The South African pop singer Zahara, whose soaring voice and strident ballads earned her multiple platinum-selling albums in her home country, has died aged 35.

South Africa’s sports, arts and culture minister, Zizi Kodwa, announced her death, saying: “My deepest condolences to the Mkutukana family and the South African music industry. Government has been with the family for some time now. Zahara and her guitar made an incredible and lasting impact in South African music.”

Last month, her manager, Oyama Dyosiba, confirmed she had been hospitalised “following complaints about physical pains”.

She had suffered liver disease after problems with alcoholism, confirmed by Dyosiba in 2019. Her sister Nomonde said that year doctors had told her, “if [Zahara] continues drinking, she is going to die … We are making sure that there is always someone around her to monitor her so that she doesn’t start drinking again”.

Born Bulelwa Mkutukana in 1987, Zahara was self-taught on guitar and broke through in 2011 with her debut album, Loliwe, a commercial hit that also won album of the year at the South African music awards.

She performed the title track for Nelson Mandela at his home before his death in 2013, and later wrote a tribute song with the lyrics: “Hero of heroes / There’s none like him.” That song, like the rest of her discography, was sung in a blend of Xhosa and English.

Her second album, Phendula, opened with a collaboration with Ladysmith Black Mambazo, while the country-influenced follow-up, Country Girl, went three times platinum.

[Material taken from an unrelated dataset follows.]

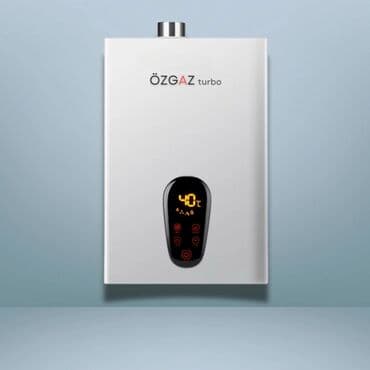 Pitiminutka 24 l/dəq, Yeni, Kredit yoxdur, Pulsuz çatdırılma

She signed with a major label, Warner Music, for her fourth album, Mgodi, following a dispute with previous label TS Records.

She also campaigned against violence against women, which she described in 2020 as a “pandemic” in South Africa. She said she was a survivor of an attack from a man who pepper-sprayed her in his car.

“[Men] feel like they are entitled to women, like women are theirs,” she told the BBC. “Men in South Africa, all they care about is them.”